NCC Turkey: Transforming Ideas into Industrial Impact

 

About TUBITAK and NCC Turkey 

The Scientific and Technological Research Council of Türkiye (TÜBİTAK) is the leading agency for the management, funding and conduct of research in Türkiye. Established in 1963, its mission is to advance science and technology, conduct research, and support Turkish researchers. In addition to supporting innovation, academic and industrial R&D activities, TÜBİTAK also develops scientific and technological policies in line with national priorities and manages R&D institutes that carry out research, technology and development studies.

ULAKBİM, an institute of TÜBİTAK, is responsible for operating the national academic network, enabling interaction across the research and development elements of the national innovation system. ULAKBİM aims to provide High-Performance Computing (HPC), High-Performance Data Analysis (HPDA), and Artificial Intelligence (AI) computing and data environment solutions through TRUBA (Turkish Science e-Infrastructure). TRUBA is a high-performance and data-intensive computing infrastructure, offering data and open science services. As the country’s flagship publicly funded e-infrastructure, TRUBA plays a central role in shaping the national computing research and innovation ecosystem, while maintaining strong connections to the European supercomputing landscape.

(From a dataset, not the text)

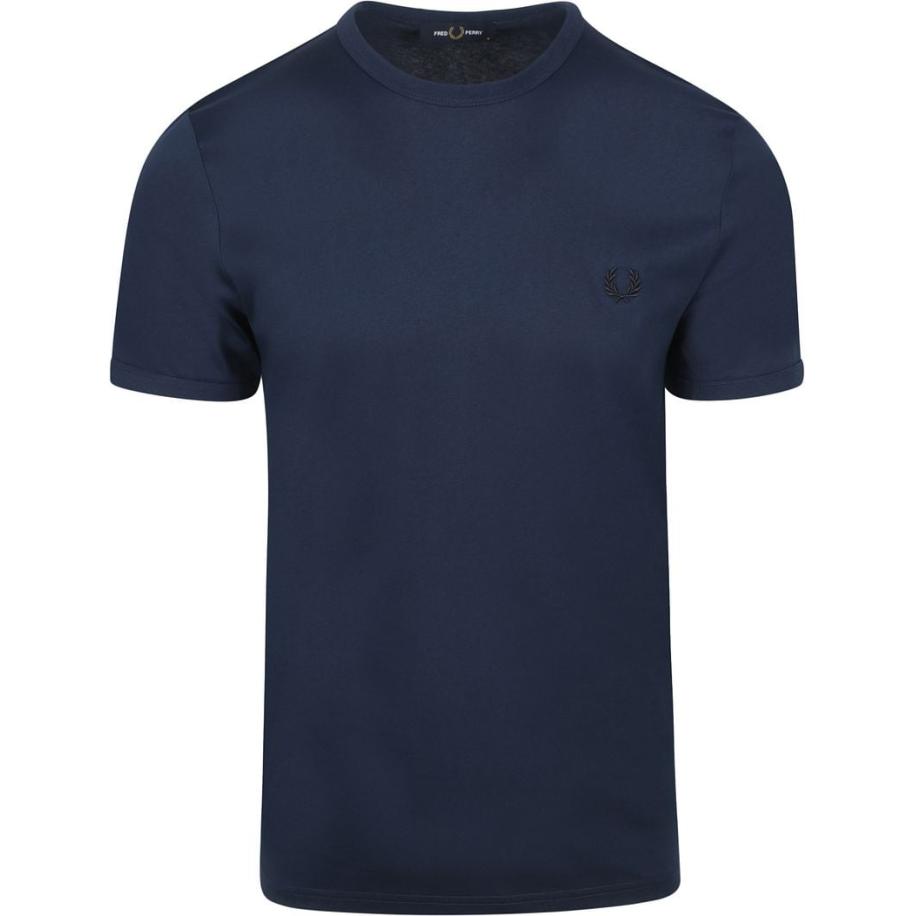 Fred Perry T-shirt Ringer Tennis Blue Blauw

In the EuroCC Project, TUBITAK ULAKBIM is responsible for coordinating and managing the finances of the National Competence Centre (NCC) of Turkey. The NCC focuses on strengthening industry–academia collaboration through SME HPC case studies, as well as fostering skills development via training events and dissemination activities. Its overarching goal is to integrate the national HPC ecosystem into EuroHPC. TRUBA (Turkish Science e-Infrastructure), the national HPC centre operated by TUBITAK ULAKBIM, provides expertise and HPC resources to the national community.

 

How NCC Turkey Bridges Academia and Industry

Many SMEs struggle to transform innovative ideas into concrete, fundable experiments. NCC Türkiye addressed this challenge by carefully examining and analysing the call documentation in detail before reaching out directly to potential participant companies. One-on-one meetings were organised, during which every aspect of the call was explained and examples of similar past projects were presented. This approach was designed to demonstrate feasibility, inspire participation, and encourage companies to develop and submit their own proposals. For companies intending to apply, NCC Türkiye provides support at every stage of the proposal process, including supplying the necessary information, clarifying ambiguous sections of the documentation, and guiding applicants through specific requirements.

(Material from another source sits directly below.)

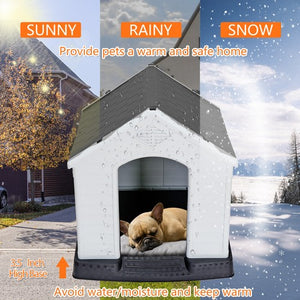 Segawe Cozy Pet Dog House Waterproof Dog House for Small to Medium Size Outdoor Grey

Through the recently closed FFplus Business Experiments call, NCC Türkiye engaged with a broad portfolio of companies and provided detailed briefings. These were delivered both through one-on-one meetings and online information sessions. As a result of these efforts, NCC Türkiye is aware of at least five companies that successfully completed their applications to the FFplus Business Experiments Call.

 

TUBITAK Supported the FF4EuroHPC Business Experiment Titled “Better Graphene-Epoxy Based Composite Materials with HPC”

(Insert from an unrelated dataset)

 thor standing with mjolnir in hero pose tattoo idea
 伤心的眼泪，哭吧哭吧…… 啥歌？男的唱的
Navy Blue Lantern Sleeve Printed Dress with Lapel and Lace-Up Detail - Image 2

TÜBİTAK played a key role in supporting the creation of the consortium for the FF4EuroHPC experiment “Better Graphene-Epoxy Based Composite Materials with HPC.” The initiative began with Nanografi’s initial contact with METU researchers and advisors, who were already collaborating with NCC Türkiye and TRUBA. During preliminary tests on the integration of HPC into industrial processes, the 2nd FF4EuroHPC Open Call was launched. Recognising this opportunity, NCC Türkiye supported the partners in shaping a consortium that combined complementary expertise. 

As a result, Alti Dynamics, an SME with the capacity to coordinate and lead the project, was identified as the technology expert and project leader, while Nanografi took on the role of industrial end user. METU acted as the HPC expert, providing academic know-how, and TRUBA contributed HPC infrastructure, consultancy, and training support. NCC Türkiye facilitated the matchmaking between partners, ensured alignment with the objectives of the FF4EuroHPC 2nd call, and guided the consortium in transforming an initial idea into a well-structured project proposal.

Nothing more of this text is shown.